Table 3 Summary of results of experiments replicating Weisberg, Keil, Goodstein, Rawson, and Gray (2008)
Why the disparity, then, between the trivial effects of a brain image and the more marked effects of neuroscience language? A closer inspection reveals that the Weisberg et al. (2008) study is not simply the language analog of the McCabe and Castel (2008) study. For instance, Weisberg et al. found that neuroscience language makes bad explanations seem better but has less (or no) effect on good explanations. By contrast, McCabe and Castel did not vary the quality of their explanations. In addition, Weisberg et al. compared written information that did or did not feature neuroscience language, but McCabe and Castel added a brain image to an article that already featured some neuroscience language. Perhaps, then, the persuasive influence of the brain image is small when people have already been swayed by the neuroscience language in the article. Although such a possibility is outside the scope of this article, it is an important question for future research.

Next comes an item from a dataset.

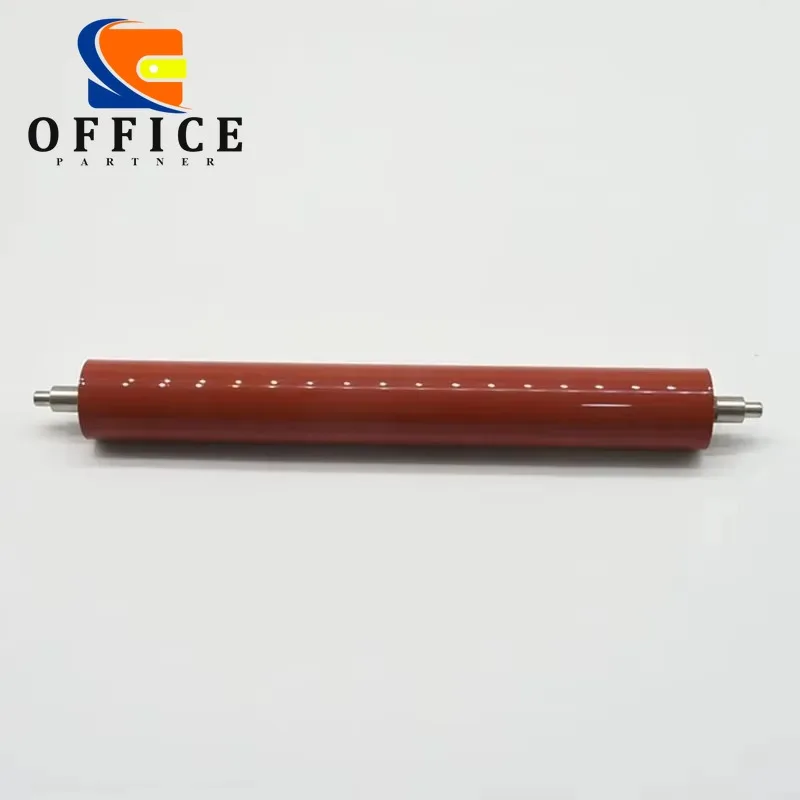 NDR CYMK Ricoh SP C20 C260DNW C261SF Toner Cartridge, For Printer at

How are we to understand our results, given that other research shows that some brain images are more influential than others (Keehner et al., 2011)? One possibility is that Keehner and colleagues’ within-subjects design—in which subjects considered a series of five different brain images—encouraged people to rely on relative ease of processing when making judgments across the different images (Alter & Oppenheimer, 2008). By contrast, McCabe and Castel’s (2008) between-subjects design does not allow people to adopt this strategy. And recall, of course, that because Keehner and colleagues did not compare the influence of any brain image with that of no brain image, their work still does not address that basic question.
Although our findings do not support popular descriptions of the persuasiveness of brain images, they do fit with very recent research and discussions questioning their allure (Gruber & Dickerson, 2012; Farah & Hook, 2013). Importantly, our estimation approach avoids the dichotomous thinking that dominates media discourse of popular psychological effects and, instead, emphasizes—in accord with APA standards—interpretation of results based on point and interval estimates. Furthermore, research in the domain of jury decision making suggests that brain images have little or no independent influence on juror verdicts—a context in which the persuasive influence of a brain image would have serious consequences (Greene & Cahill, 2012; Schweitzer & Saks, 2011; Schweitzer et al., 2011). Taken together, these findings and ours present compelling evidence that when it comes to brains, the “amazingly persistent meme of the overly influential image”Footnote 3 has been wildly overstated.